Eeek, it's been a whole week. I swore I wouldn't do that to you again, and then look what happens! Bad Maughta! No biscuits for you. Erm...me. Damn, third person fucks me up again! This always happens late on Friday.
Okay, I'm waffling because, quite frankly, I don't actually have a book to post right now. Maybe tomorrow? I promise!!!
But I do have news! Everyone once in a while things happen in my life that have nothing to do with book covers (say it ain't so!). Mostly it's weird things happening at the reference desk. You ever want to see crazy people go to your downtown library on a full moon and watch the folks who come to the reference desk. Of course, you'll be one of the weirdos hanging out in the library on a full moon, too, so watch out! Anyway, I've decided to revive an old blog of mine, I Hate Asheville. Here you will find my various musings. Enjoy!
Since I've denied you a chance to laugh at bad book covers, here's my gift to you: The enormously funny "Blog" of "Unnecessary" Quotation Marks. It's my new "favorite" blog! No, really, it is!
Also, since I've let the cat out of the bag that I'm here in the lovely town of Asheville (note to stalkers and secret admirers: I like chocolate), I figure it's a good time to invite all my closest readers to meet me and DocTurtle (if I can convince him) at Burgermeister on Haywood Road in West Asheville on Sunday, May 4th at 1:30pm for burgers, beers, and a big ole basket of onion rings. Drop me a line if you can make it!
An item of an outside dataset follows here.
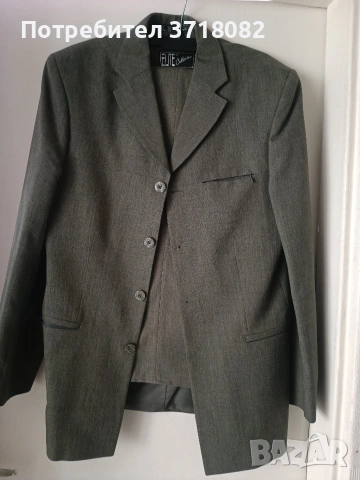 Мъжки сив костюм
And finally, on a more personal note, I've recently (after thirty some odd years) discovered my dream job. Did you know there's a thing called "Publisher's Reader?" I didn't! Apparently publishing people will pay someone to read their slush piles. Holy shit! Get paid to read? Sign me up! So if any of my publishing readers have some manuscripts just dyin' to be read, let me know. I prefer fantasy and mysteries and things I don't have to think to much to read (ugh, philosophy, yuck!), but I'll read anything that's fiction. Plus I work cheeeep!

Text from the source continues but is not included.